§ Assignment:
The entries below must be retyped exactly. Pictures are to be omitted.

§ Data listing:
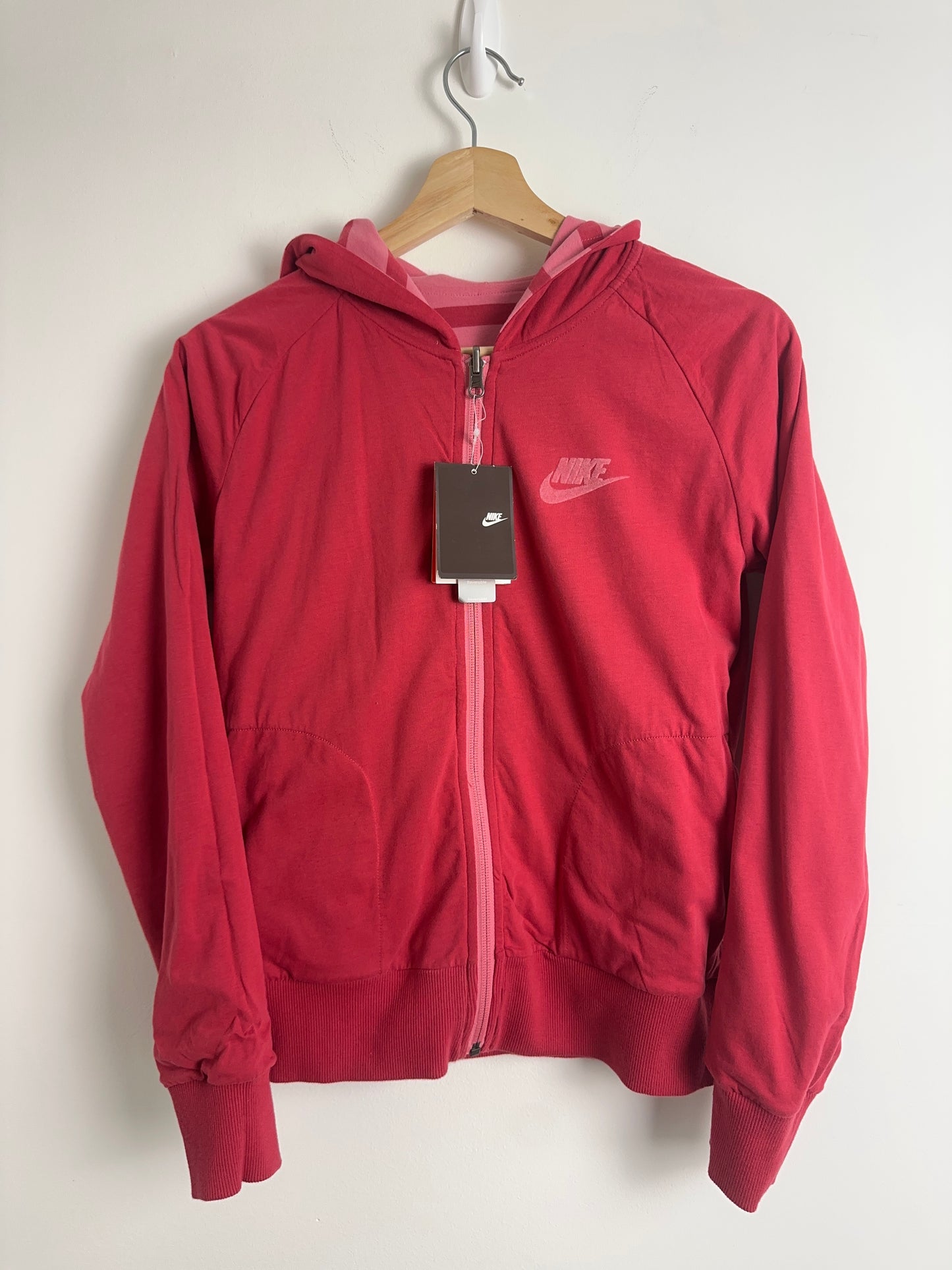 2007 BNWT Nike Honolulu Marathon Striped Hoodie (S)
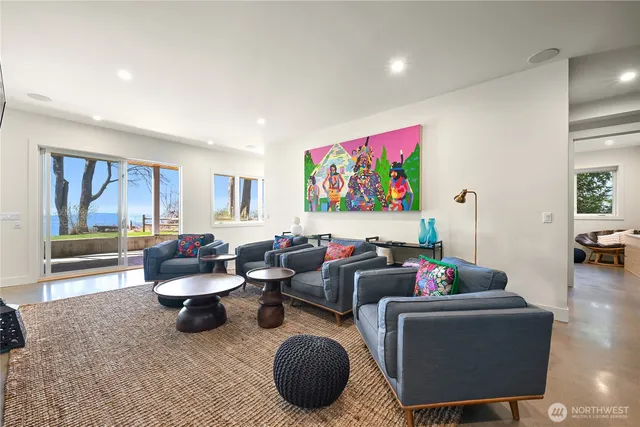 $2,495,000 | 8823 Oertel Drive, Blaine, WA 98230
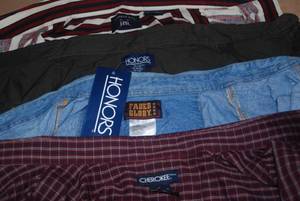lot 653 image: (4) Mens 2X Button up Dress Shirts...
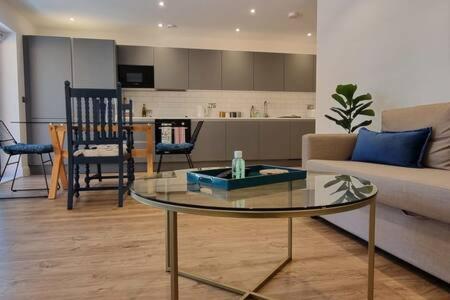 Beautiful Apartment Overlooking A Garden Лондон Екстер'єр фото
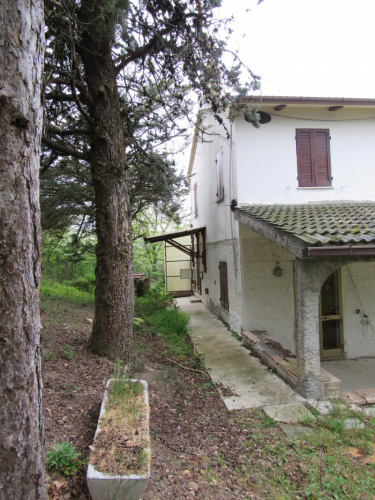 Сельский дом в Фратте-Роза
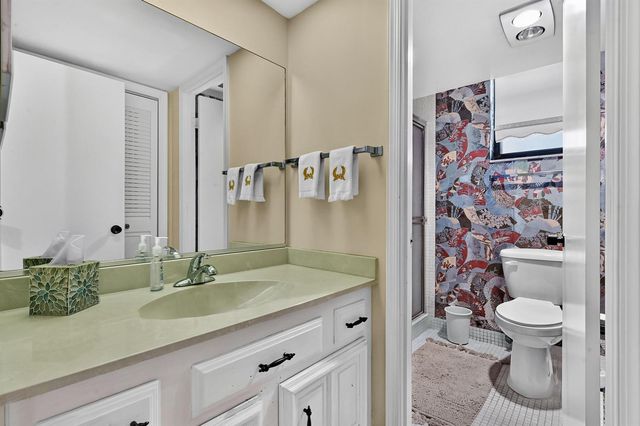 5188 Woodland Lakes Drive 332, Palm Beach Gardens, FL 33418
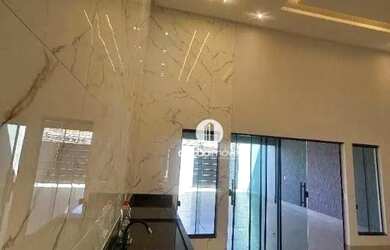 Imagem: A casa possui 3 Dormitórios, 2 Banheiros, 4 Vagas na garagem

§ Reply to the task:
 2007 BNWT Nike Honolulu Marathon Striped Hoodie (S)
 $2,495,000 | 8823 Oertel Drive, Blaine, WA 98230
lot 653 image: (4) Mens 2X Button up Dress Shirts...
 Beautiful Apartment Overlooking A Garden Лондон Екстер'єр фото
 Сельский дом в Фратте-Роза
 5188 Woodland Lakes Drive 332, Palm Beach Gardens, FL 33418
 Imagem: A casa possui 3 Dormitórios, 2 Banheiros, 4 Vagas na garagem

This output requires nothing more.